Pioneer Logan County Sheriff Dies At Guthrie


May 3, 1943—Guthrie, OK—Funeral for John Mahoney, 79-year-old ‘89er and pioneer and colorful Logan County peace officer who served a restraining order on Gov. C. N. Haskell and was ordered “thrown in the guard house” for his trouble, will be at 9 a.m. Monday at St. Mary’s Catholic church here.

            Mahoney, who died Friday at his home after a long illness, served the order on Haskell in an Oklahoma City hotel in 1910 during the height of the fight between Oklahoma City and Guthrie for the state capitol.  Mahoney was Logan County sheriff when the order, an attempt to keep Haskell from moving the capitol from Guthrie, was issued.

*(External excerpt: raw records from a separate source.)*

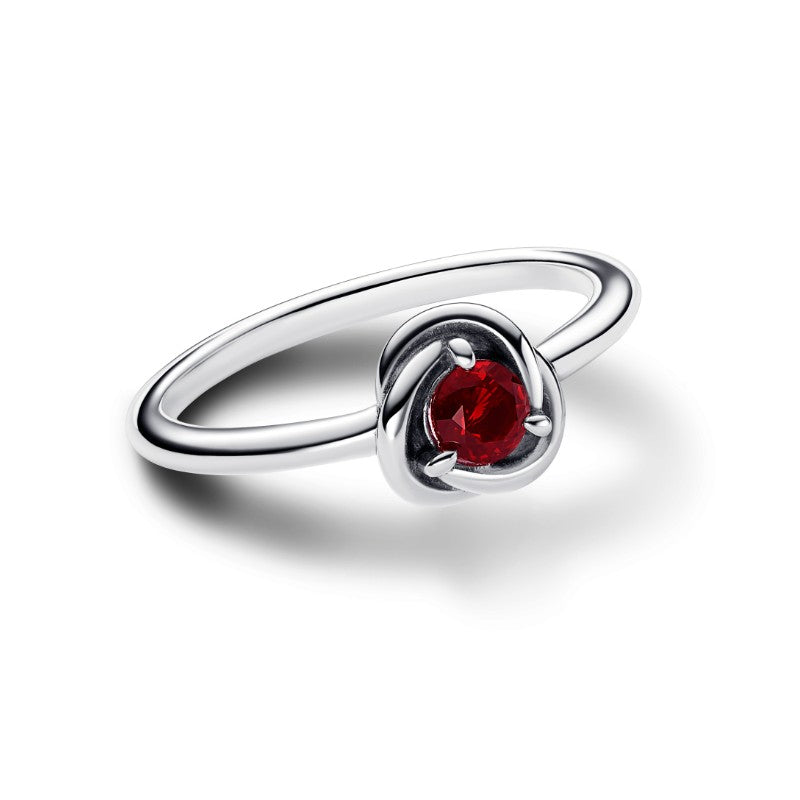 Anello Cerchio Eterno Rosso Scuro Gennaio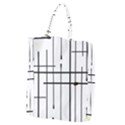 White Limits By Jandi Giant Grocery Zipper Tote View1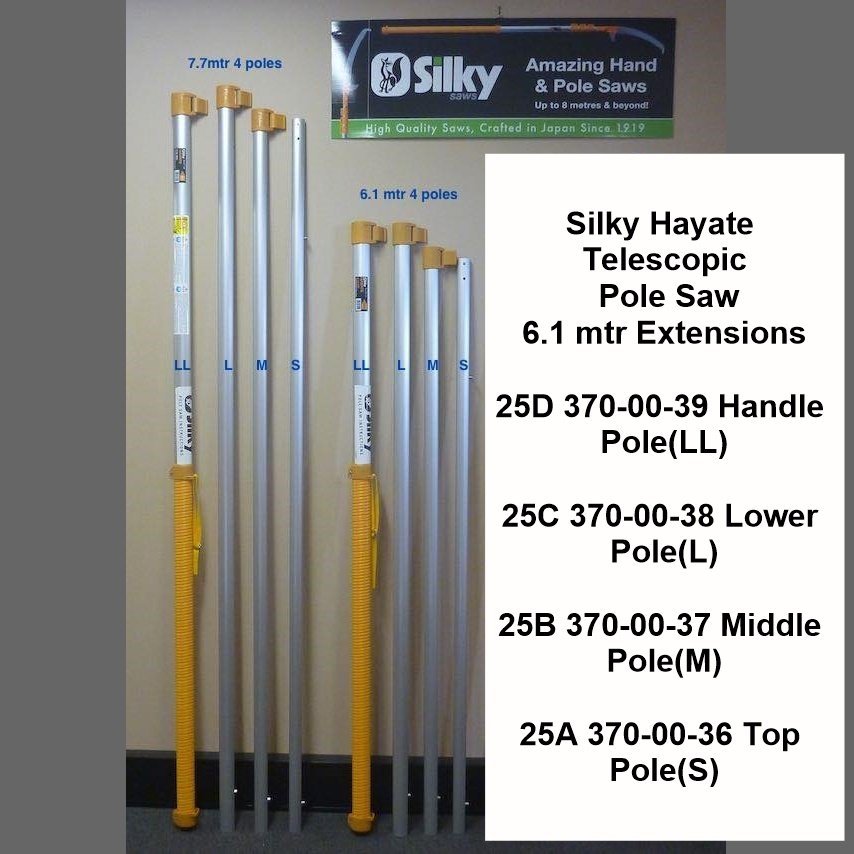 Silky Saws Hayate Extension Pole Section 6.1m (M)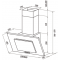 Наклонная вытяжка HOMSAIR Bell 60 черный, фото , изображение 2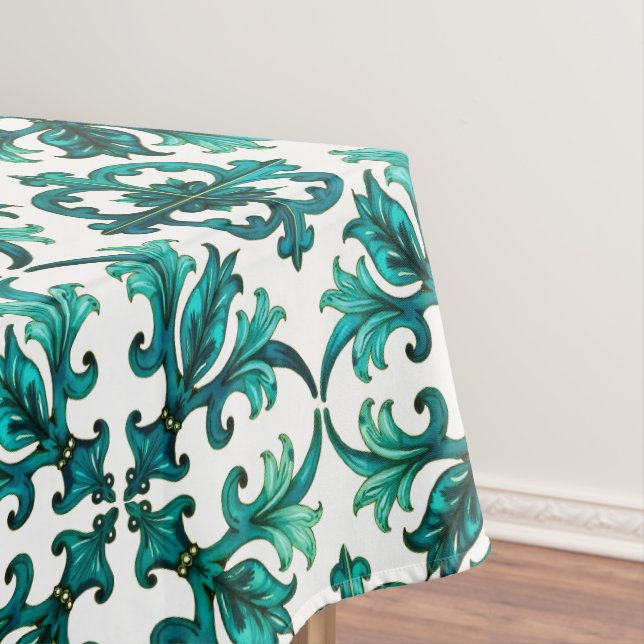 Italian style,mosaic,green  tablecloth (In Situ)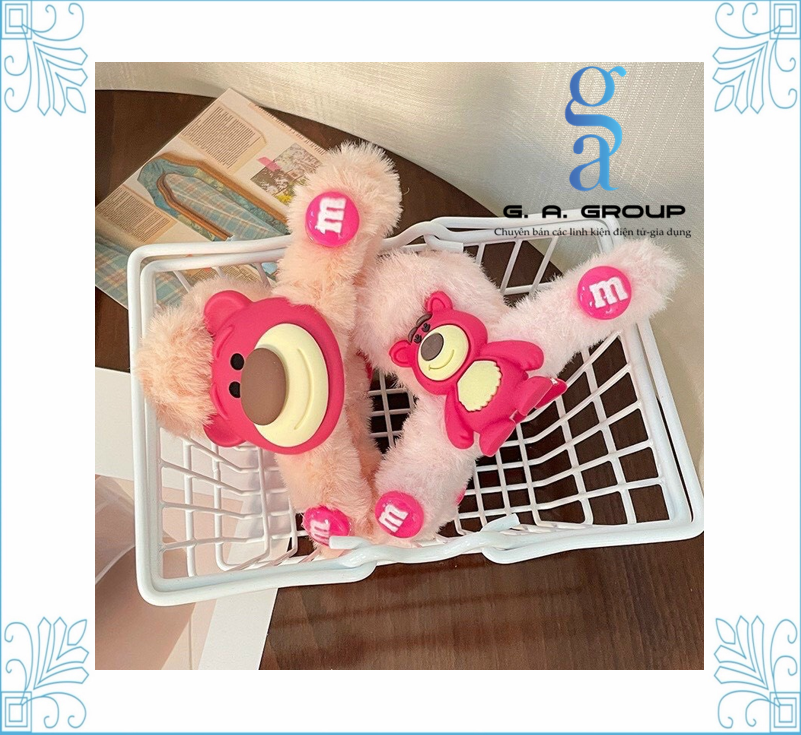 KẸP TÓC LÔNG MIN GẤU DÂU LOTSO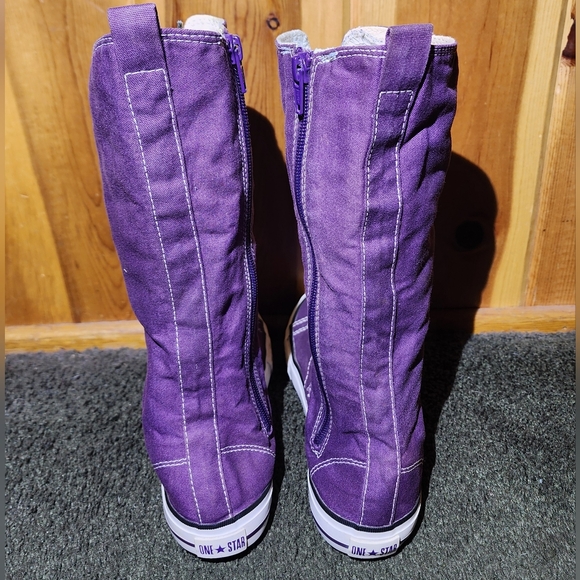 Converse One Star Calf/Knee high Junior 6/ Women 8 - Picture 4 of 12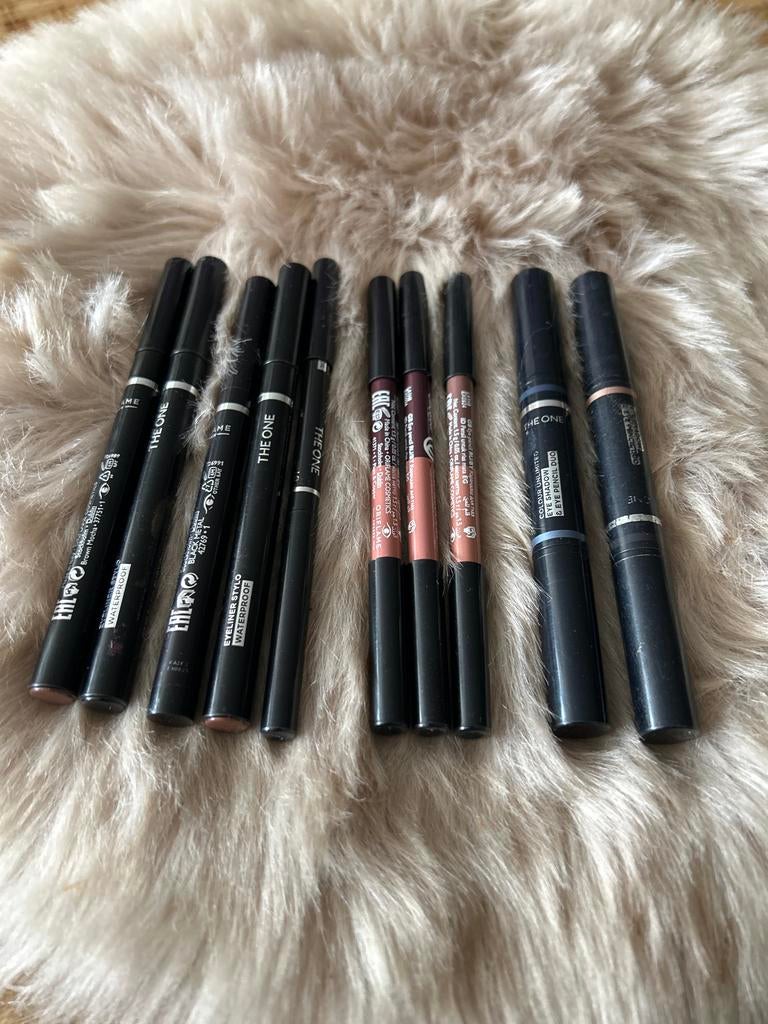 Make-up set: The One Eyeliner, Lip Pencil & Oogschaduw, Gebruikt, Ophalen of Verzenden, Make-up, Overige kleuren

            Mahoney, who knew many of the state’s early day outlaws, came to Guthrie about 2 p.m. April 22, 1889, homesteading four miles southeast of the city.

            He was appointed deputy sheriff in 1901, and later night chief of Guthrie police.  In 19906 he was named on the staff of Bill Fossett, then a United States marshal, before serving three terms as Logan County sheriff.

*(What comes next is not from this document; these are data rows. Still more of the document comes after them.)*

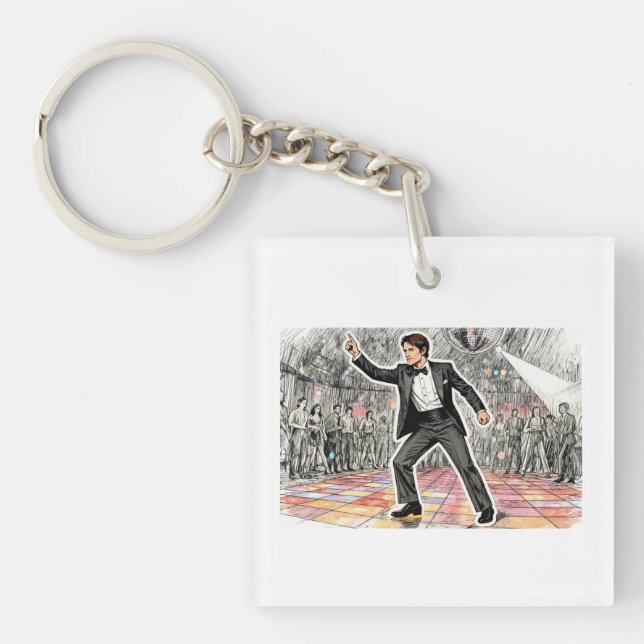 George Hamilton (Resident evil outbreak) Keychain (Front)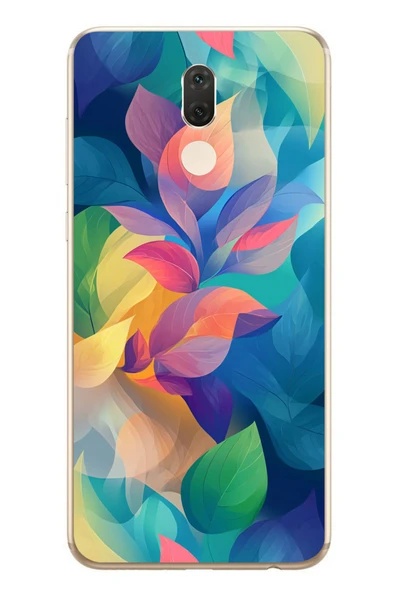 Le Balvo Huawei Mate 10 Lite Uyumlu Yumuşak Dalgalı Baskılı Silikon Kılıf ürün görseli 1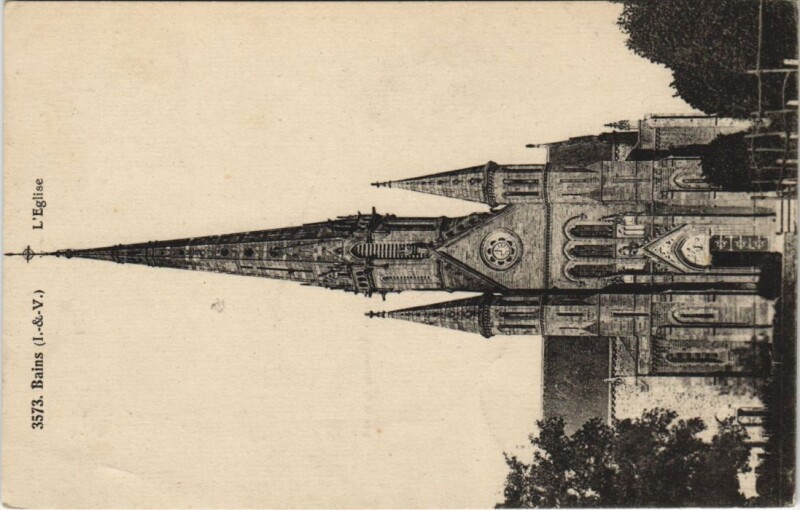 Carte postale ancienne Bain-de-Bretagne Bains-le-Bretagne - L'Eglise à Bain-de-Bretagne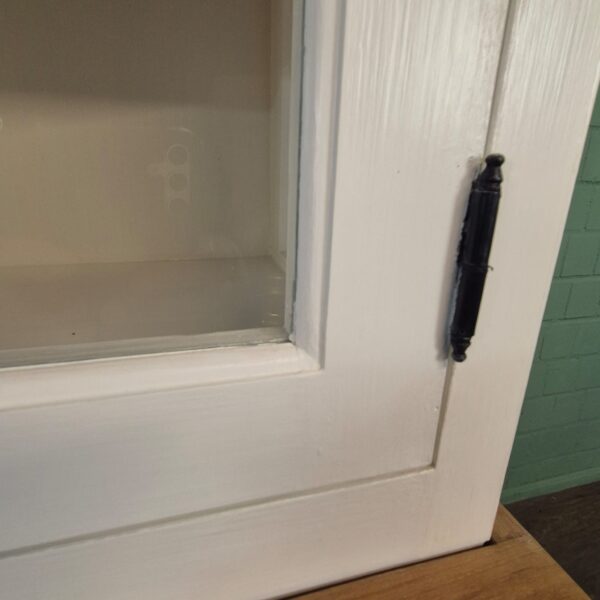 Vitrine Geschirrschrank Teakholz 1,54 m – Bild 6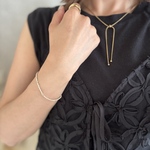 re.stock  __ gold入荷　slider necklace __  silver gold　水濡れok スライダー　ネックレス　チョーカー　シルバー　ゴールド　ステンレス　シンプル 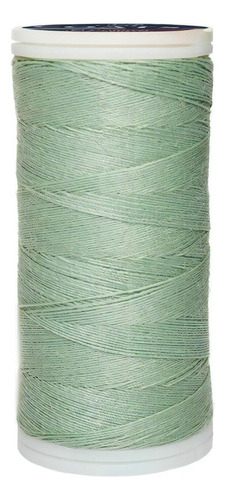 Caja 12 Pzas Hilo Coats Poliéster Liso 3 Cabos Fibra Corta Color T6980-5819 Verde Musgo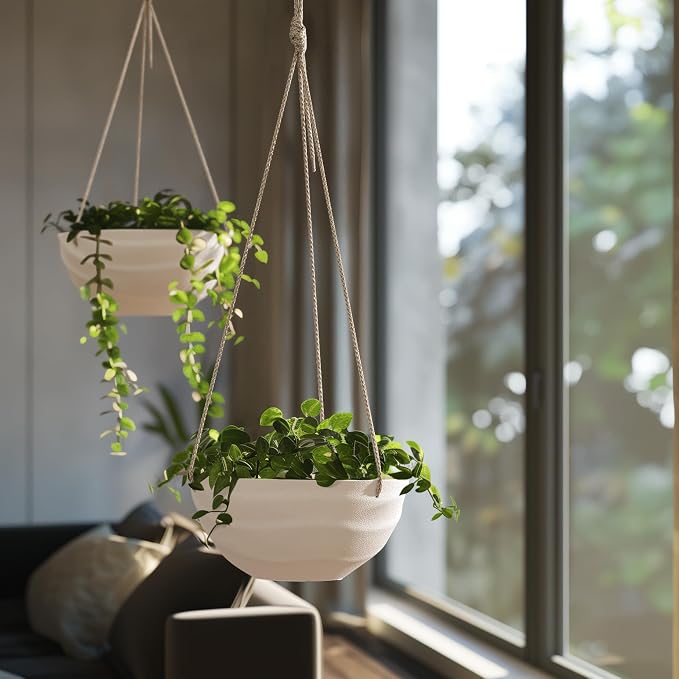 La Jolie Maison 10 Inch Hanging Planters - Image 5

            After retiring, Mahoney became a member of the police department here a second time in 1929, and served in executive positions until 1937.  In 1936 he was state president of the 89'ers association.

            Burial will be in Summit View cemetery here.  He is survived by his wife and a daughter, Miss Betty Mahoney, both of the home, and a brother, R. C. Mahoney, Detroit, Michigan.